## [WHAT TO WORK ON]
Exact copy, no pictures: reproduce every record below as it stands.

++++++++++++++++++++

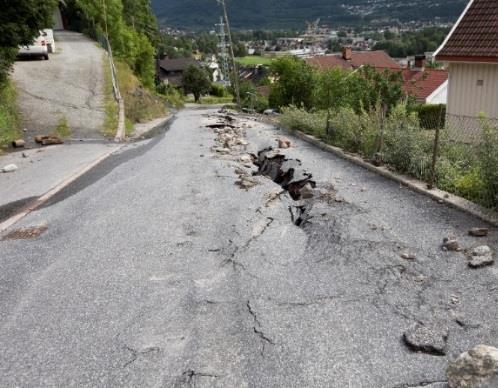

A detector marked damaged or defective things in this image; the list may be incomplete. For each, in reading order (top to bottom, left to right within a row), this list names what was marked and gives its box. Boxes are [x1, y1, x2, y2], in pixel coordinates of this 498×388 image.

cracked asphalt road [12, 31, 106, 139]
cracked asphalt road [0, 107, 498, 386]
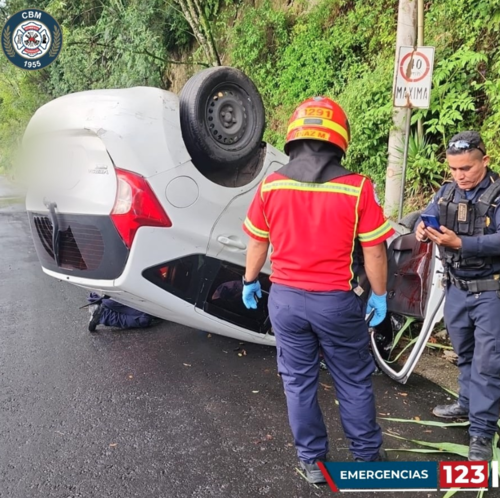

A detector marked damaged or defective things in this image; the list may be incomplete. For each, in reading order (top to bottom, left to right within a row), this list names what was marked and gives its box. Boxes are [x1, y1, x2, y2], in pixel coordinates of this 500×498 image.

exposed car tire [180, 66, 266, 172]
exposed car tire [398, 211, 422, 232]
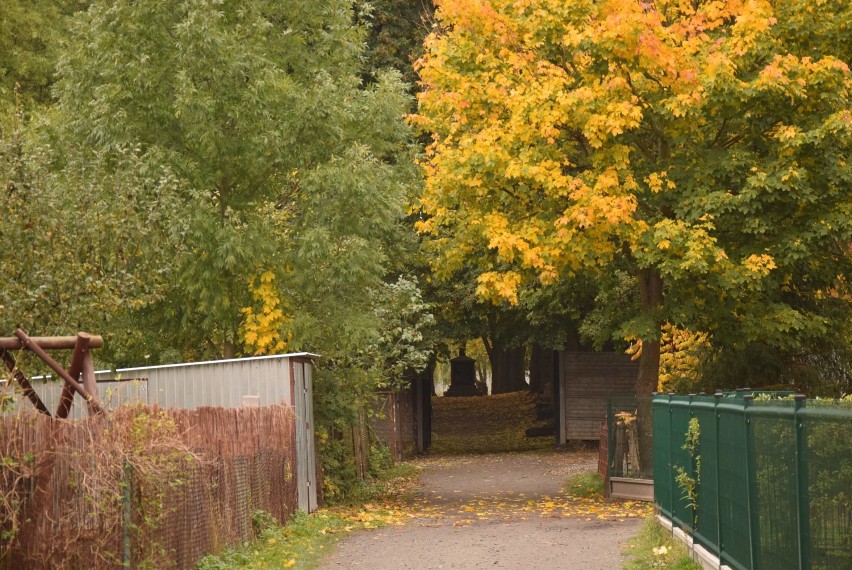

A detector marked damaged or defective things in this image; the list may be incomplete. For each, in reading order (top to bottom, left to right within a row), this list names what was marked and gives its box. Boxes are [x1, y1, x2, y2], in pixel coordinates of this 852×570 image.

++++++++++++++++++++

## [SOLUTION FOR THIS TASK]
A detector marked damaged or defective things in this image; the list may be incomplete. For each, in reading order (top to bottom, left to right within a row), this list names what was marked and gives its box. Boxes are [x1, y1, x2, y2], in pixel coordinates of this 498×388 image.

cracked asphalt road [12, 31, 106, 139]
cracked asphalt road [0, 107, 498, 386]

A detector marked damaged or defective things in this image; the list may be incomplete. For each, in reading order (top to bottom, left to right within a row), this list names what was marked and gives its box. Boxes are [x1, y1, x2, y2], in pixel coordinates of this 500×498 image.

exposed car tire [180, 66, 266, 172]
exposed car tire [398, 211, 422, 232]

A detector marked damaged or defective things in this image; the list may be incomplete. For each, in reading order (top to bottom, left to right within a row), this list names what was marked and gives its box. Boxes are [x1, y1, x2, y2], in pixel coordinates of this 852×570 image.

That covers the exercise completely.